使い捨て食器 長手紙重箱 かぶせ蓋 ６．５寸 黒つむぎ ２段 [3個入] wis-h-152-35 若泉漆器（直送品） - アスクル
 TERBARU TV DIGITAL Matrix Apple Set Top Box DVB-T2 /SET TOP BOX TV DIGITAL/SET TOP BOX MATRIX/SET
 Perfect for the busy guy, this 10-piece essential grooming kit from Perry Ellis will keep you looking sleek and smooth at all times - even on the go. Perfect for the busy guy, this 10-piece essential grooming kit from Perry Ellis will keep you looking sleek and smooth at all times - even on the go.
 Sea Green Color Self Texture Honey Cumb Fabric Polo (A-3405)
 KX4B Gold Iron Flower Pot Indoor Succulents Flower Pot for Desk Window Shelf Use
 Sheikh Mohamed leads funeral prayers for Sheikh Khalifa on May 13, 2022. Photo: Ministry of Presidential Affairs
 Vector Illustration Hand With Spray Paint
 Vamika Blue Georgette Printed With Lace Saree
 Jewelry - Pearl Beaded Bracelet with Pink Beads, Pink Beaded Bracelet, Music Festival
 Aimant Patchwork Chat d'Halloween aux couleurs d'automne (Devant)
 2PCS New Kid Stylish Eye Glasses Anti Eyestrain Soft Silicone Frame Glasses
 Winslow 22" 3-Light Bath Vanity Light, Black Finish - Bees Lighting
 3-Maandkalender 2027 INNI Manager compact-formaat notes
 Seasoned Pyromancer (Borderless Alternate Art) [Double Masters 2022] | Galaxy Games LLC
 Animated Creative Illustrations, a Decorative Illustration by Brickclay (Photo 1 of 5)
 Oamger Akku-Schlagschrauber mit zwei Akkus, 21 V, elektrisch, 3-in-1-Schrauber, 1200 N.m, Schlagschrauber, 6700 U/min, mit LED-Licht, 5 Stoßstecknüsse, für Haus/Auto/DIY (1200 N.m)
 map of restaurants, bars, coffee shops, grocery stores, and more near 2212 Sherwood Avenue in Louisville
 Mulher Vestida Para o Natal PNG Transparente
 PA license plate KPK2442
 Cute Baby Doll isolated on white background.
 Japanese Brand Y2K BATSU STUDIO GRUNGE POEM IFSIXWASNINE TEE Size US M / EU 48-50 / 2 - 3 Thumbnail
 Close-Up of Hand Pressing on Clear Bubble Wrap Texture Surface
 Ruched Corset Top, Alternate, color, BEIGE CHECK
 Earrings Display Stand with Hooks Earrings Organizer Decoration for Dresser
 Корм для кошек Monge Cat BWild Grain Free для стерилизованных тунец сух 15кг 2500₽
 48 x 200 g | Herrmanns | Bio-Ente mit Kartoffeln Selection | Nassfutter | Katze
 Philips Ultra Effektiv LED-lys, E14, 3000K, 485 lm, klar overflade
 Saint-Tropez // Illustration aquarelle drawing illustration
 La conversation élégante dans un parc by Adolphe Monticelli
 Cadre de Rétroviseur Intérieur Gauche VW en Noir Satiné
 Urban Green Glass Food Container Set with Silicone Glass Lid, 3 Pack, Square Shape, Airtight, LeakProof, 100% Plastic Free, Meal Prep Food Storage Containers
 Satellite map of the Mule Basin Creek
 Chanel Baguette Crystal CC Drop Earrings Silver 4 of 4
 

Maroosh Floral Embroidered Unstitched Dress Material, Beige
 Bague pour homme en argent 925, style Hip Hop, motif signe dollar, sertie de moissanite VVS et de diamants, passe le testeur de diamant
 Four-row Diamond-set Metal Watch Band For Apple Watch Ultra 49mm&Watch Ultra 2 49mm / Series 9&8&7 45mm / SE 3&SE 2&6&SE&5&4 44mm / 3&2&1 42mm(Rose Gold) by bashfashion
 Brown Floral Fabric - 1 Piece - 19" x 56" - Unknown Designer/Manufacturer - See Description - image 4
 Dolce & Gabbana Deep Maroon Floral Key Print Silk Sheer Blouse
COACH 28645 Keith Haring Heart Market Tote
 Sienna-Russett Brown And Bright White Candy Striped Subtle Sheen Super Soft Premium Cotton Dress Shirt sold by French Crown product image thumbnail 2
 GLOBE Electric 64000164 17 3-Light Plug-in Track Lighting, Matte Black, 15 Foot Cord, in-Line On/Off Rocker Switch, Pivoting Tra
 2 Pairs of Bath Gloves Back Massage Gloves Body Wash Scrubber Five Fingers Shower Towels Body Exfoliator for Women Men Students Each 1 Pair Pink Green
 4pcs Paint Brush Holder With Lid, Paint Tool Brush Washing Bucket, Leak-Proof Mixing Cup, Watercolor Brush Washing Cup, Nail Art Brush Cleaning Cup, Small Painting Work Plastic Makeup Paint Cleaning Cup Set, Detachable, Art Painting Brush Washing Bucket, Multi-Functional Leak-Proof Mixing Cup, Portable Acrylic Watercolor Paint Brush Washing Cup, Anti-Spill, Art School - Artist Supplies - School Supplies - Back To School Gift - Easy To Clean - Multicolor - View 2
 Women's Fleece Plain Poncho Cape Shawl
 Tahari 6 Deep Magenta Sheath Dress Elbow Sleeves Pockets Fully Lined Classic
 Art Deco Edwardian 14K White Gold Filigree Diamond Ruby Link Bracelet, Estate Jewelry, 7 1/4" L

........

## Aim of the exercise:
Write the listing out again, exactly as shown above.

## Answer below:
使い捨て食器 長手紙重箱 かぶせ蓋 ６．５寸 黒つむぎ ２段 [3個入] wis-h-152-35 若泉漆器（直送品） - アスクル
 TERBARU TV DIGITAL Matrix Apple Set Top Box DVB-T2 /SET TOP BOX TV DIGITAL/SET TOP BOX MATRIX/SET
 Perfect for the busy guy, this 10-piece essential grooming kit from Perry Ellis will keep you looking sleek and smooth at all times - even on the go. Perfect for the busy guy, this 10-piece essential grooming kit from Perry Ellis will keep you looking sleek and smooth at all times - even on the go.
 Sea Green Color Self Texture Honey Cumb Fabric Polo (A-3405)
 KX4B Gold Iron Flower Pot Indoor Succulents Flower Pot for Desk Window Shelf Use
 Sheikh Mohamed leads funeral prayers for Sheikh Khalifa on May 13, 2022. Photo: Ministry of Presidential Affairs
 Vector Illustration Hand With Spray Paint
 Vamika Blue Georgette Printed With Lace Saree
 Jewelry - Pearl Beaded Bracelet with Pink Beads, Pink Beaded Bracelet, Music Festival
 Aimant Patchwork Chat d'Halloween aux couleurs d'automne (Devant)
 2PCS New Kid Stylish Eye Glasses Anti Eyestrain Soft Silicone Frame Glasses
 Winslow 22" 3-Light Bath Vanity Light, Black Finish - Bees Lighting
 3-Maandkalender 2027 INNI Manager compact-formaat notes
 Seasoned Pyromancer (Borderless Alternate Art) [Double Masters 2022] | Galaxy Games LLC
 Animated Creative Illustrations, a Decorative Illustration by Brickclay (Photo 1 of 5)
 Oamger Akku-Schlagschrauber mit zwei Akkus, 21 V, elektrisch, 3-in-1-Schrauber, 1200 N.m, Schlagschrauber, 6700 U/min, mit LED-Licht, 5 Stoßstecknüsse, für Haus/Auto/DIY (1200 N.m)
 map of restaurants, bars, coffee shops, grocery stores, and more near 2212 Sherwood Avenue in Louisville
 Mulher Vestida Para o Natal PNG Transparente
 PA license plate KPK2442
 Cute Baby Doll isolated on white background.
 Japanese Brand Y2K BATSU STUDIO GRUNGE POEM IFSIXWASNINE TEE Size US M / EU 48-50 / 2 - 3 Thumbnail
 Close-Up of Hand Pressing on Clear Bubble Wrap Texture Surface
 Ruched Corset Top, Alternate, color, BEIGE CHECK
 Earrings Display Stand with Hooks Earrings Organizer Decoration for Dresser
 Корм для кошек Monge Cat BWild Grain Free для стерилизованных тунец сух 15кг 2500₽
 48 x 200 g | Herrmanns | Bio-Ente mit Kartoffeln Selection | Nassfutter | Katze
 Philips Ultra Effektiv LED-lys, E14, 3000K, 485 lm, klar overflade
 Saint-Tropez // Illustration aquarelle drawing illustration
 La conversation élégante dans un parc by Adolphe Monticelli
 Cadre de Rétroviseur Intérieur Gauche VW en Noir Satiné
 Urban Green Glass Food Container Set with Silicone Glass Lid, 3 Pack, Square Shape, Airtight, LeakProof, 100% Plastic Free, Meal Prep Food Storage Containers
 Satellite map of the Mule Basin Creek
 Chanel Baguette Crystal CC Drop Earrings Silver 4 of 4
 

Maroosh Floral Embroidered Unstitched Dress Material, Beige
 Bague pour homme en argent 925, style Hip Hop, motif signe dollar, sertie de moissanite VVS et de diamants, passe le testeur de diamant
 Four-row Diamond-set Metal Watch Band For Apple Watch Ultra 49mm&Watch Ultra 2 49mm / Series 9&8&7 45mm / SE 3&SE 2&6&SE&5&4 44mm / 3&2&1 42mm(Rose Gold) by bashfashion
 Brown Floral Fabric - 1 Piece - 19" x 56" - Unknown Designer/Manufacturer - See Description - image 4
 Dolce & Gabbana Deep Maroon Floral Key Print Silk Sheer Blouse
COACH 28645 Keith Haring Heart Market Tote
 Sienna-Russett Brown And Bright White Candy Striped Subtle Sheen Super Soft Premium Cotton Dress Shirt sold by French Crown product image thumbnail 2
 GLOBE Electric 64000164 17 3-Light Plug-in Track Lighting, Matte Black, 15 Foot Cord, in-Line On/Off Rocker Switch, Pivoting Tra
 2 Pairs of Bath Gloves Back Massage Gloves Body Wash Scrubber Five Fingers Shower Towels Body Exfoliator for Women Men Students Each 1 Pair Pink Green
 4pcs Paint Brush Holder With Lid, Paint Tool Brush Washing Bucket, Leak-Proof Mixing Cup, Watercolor Brush Washing Cup, Nail Art Brush Cleaning Cup, Small Painting Work Plastic Makeup Paint Cleaning Cup Set, Detachable, Art Painting Brush Washing Bucket, Multi-Functional Leak-Proof Mixing Cup, Portable Acrylic Watercolor Paint Brush Washing Cup, Anti-Spill, Art School - Artist Supplies - School Supplies - Back To School Gift - Easy To Clean - Multicolor - View 2
 Women's Fleece Plain Poncho Cape Shawl
 Tahari 6 Deep Magenta Sheath Dress Elbow Sleeves Pockets Fully Lined Classic
 Art Deco Edwardian 14K White Gold Filigree Diamond Ruby Link Bracelet, Estate Jewelry, 7 1/4" L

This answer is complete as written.